• About this exercise
Look below for the line containing "One empty folding" and the line containing "May include: A", then set down both and every line between them exactly, without pictures.

[Short descriptive text snippets]
-------
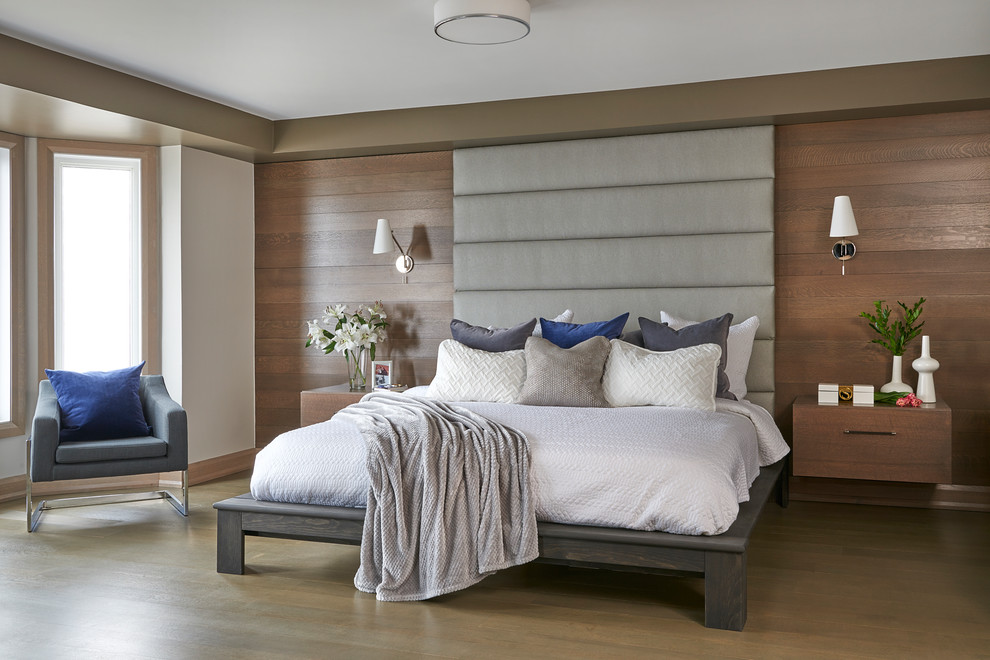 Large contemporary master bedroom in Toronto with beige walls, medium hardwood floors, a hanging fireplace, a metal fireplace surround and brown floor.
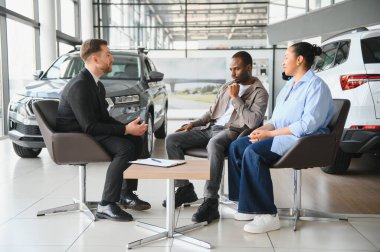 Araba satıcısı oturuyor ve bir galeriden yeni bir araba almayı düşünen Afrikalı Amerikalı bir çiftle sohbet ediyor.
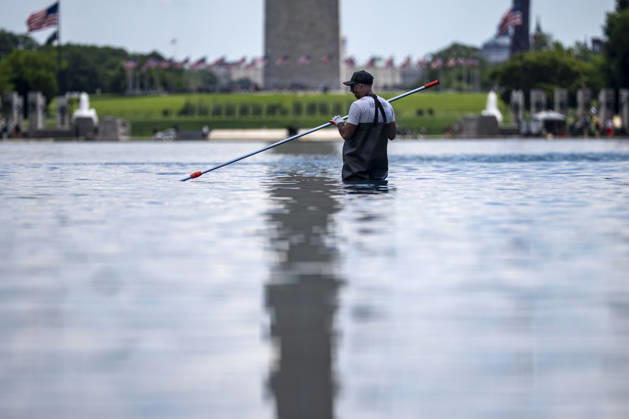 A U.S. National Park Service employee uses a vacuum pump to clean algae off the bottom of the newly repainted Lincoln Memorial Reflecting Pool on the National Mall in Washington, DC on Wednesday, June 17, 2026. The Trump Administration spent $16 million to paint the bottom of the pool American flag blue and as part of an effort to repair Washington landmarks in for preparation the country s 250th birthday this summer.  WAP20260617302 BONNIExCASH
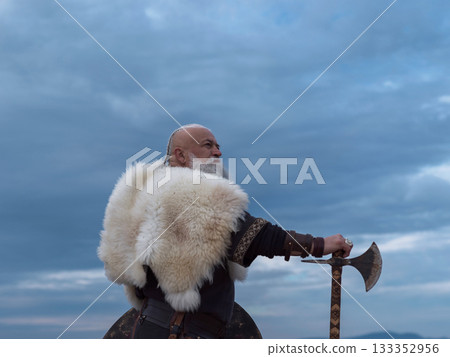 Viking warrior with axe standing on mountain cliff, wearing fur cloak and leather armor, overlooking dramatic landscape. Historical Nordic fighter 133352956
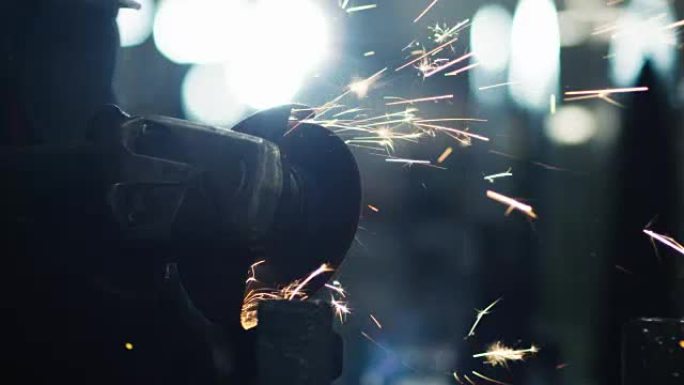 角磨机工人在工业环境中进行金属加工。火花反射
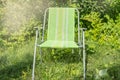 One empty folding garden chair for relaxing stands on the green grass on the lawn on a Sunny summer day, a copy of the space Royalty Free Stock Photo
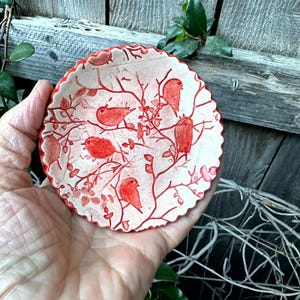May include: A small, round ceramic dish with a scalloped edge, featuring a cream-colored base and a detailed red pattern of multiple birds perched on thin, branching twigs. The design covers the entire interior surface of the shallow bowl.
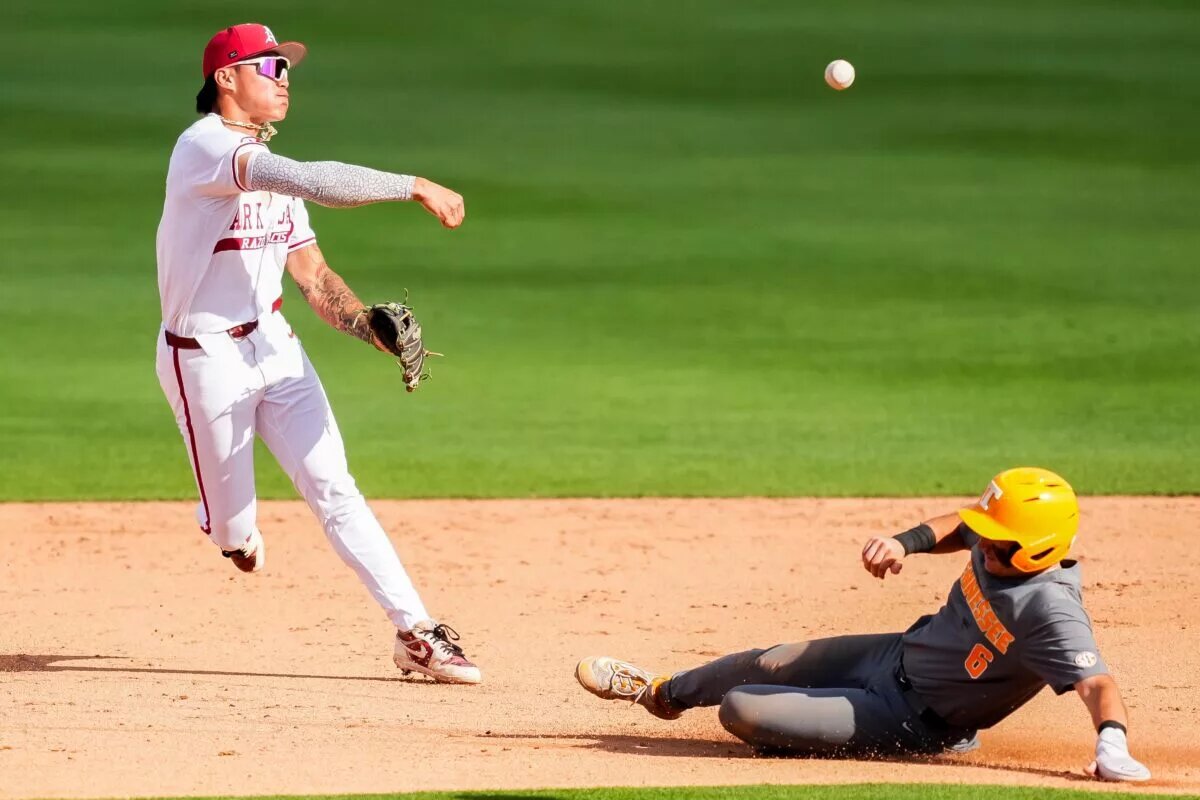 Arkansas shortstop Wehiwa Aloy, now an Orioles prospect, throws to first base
-------
• Reply
 One empty folding garden chair for relaxing stands on the green grass on the lawn on a Sunny summer day, a copy of the space Royalty Free Stock Photo
May include: A small, round ceramic dish with a scalloped edge, featuring a cream-colored base and a detailed red pattern of multiple birds perched on thin, branching twigs. The design covers the entire interior surface of the shallow bowl.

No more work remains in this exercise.